• [PROBLEM TO SOLVE] Please write out exactly the lines from the one with "Dekorstation - Beautiful" through the end of the data below, both ends included, and omit any pictures.

Brief descriptive captions
▬▬▬▬▬▬▬▬▬▬

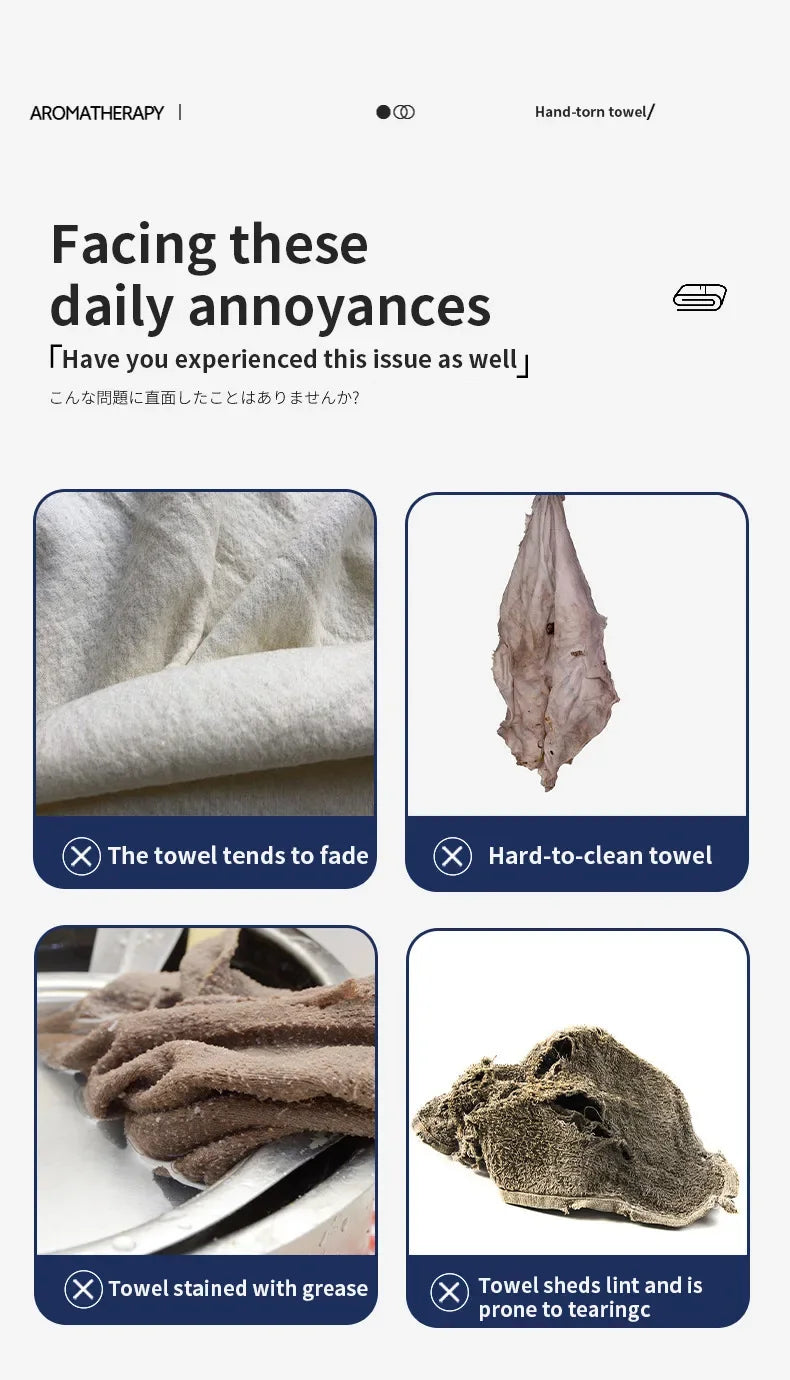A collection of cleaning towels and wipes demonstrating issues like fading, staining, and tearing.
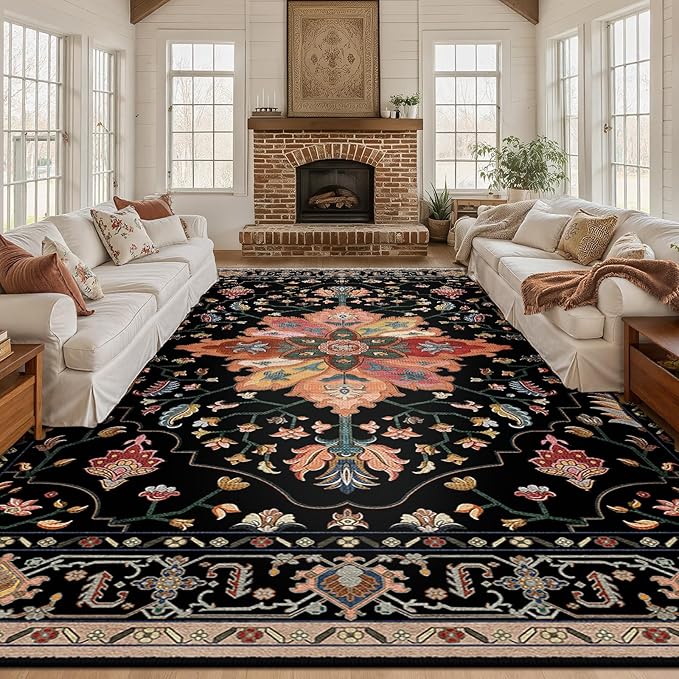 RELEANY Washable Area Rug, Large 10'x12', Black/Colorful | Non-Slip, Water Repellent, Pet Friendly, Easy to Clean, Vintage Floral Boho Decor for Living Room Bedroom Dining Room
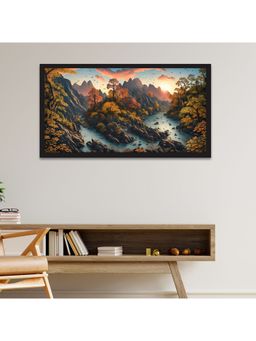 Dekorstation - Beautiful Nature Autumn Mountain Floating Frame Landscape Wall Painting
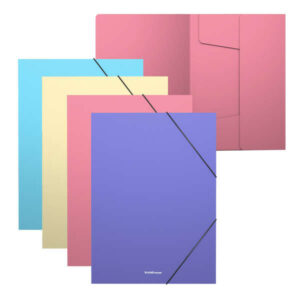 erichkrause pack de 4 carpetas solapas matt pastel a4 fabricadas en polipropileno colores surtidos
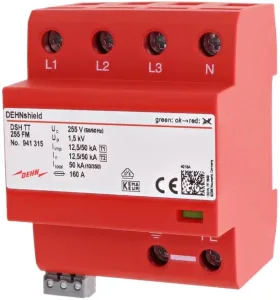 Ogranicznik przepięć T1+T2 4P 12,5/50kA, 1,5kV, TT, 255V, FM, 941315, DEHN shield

▬▬▬▬▬▬▬▬▬▬

• [RESULT OF THE TASK]
 Dekorstation - Beautiful Nature Autumn Mountain Floating Frame Landscape Wall Painting
 erichkrause pack de 4 carpetas solapas matt pastel a4 fabricadas en polipropileno colores surtidos
 Ogranicznik przepięć T1+T2 4P 12,5/50kA, 1,5kV, TT, 255V, FM, 941315, DEHN shield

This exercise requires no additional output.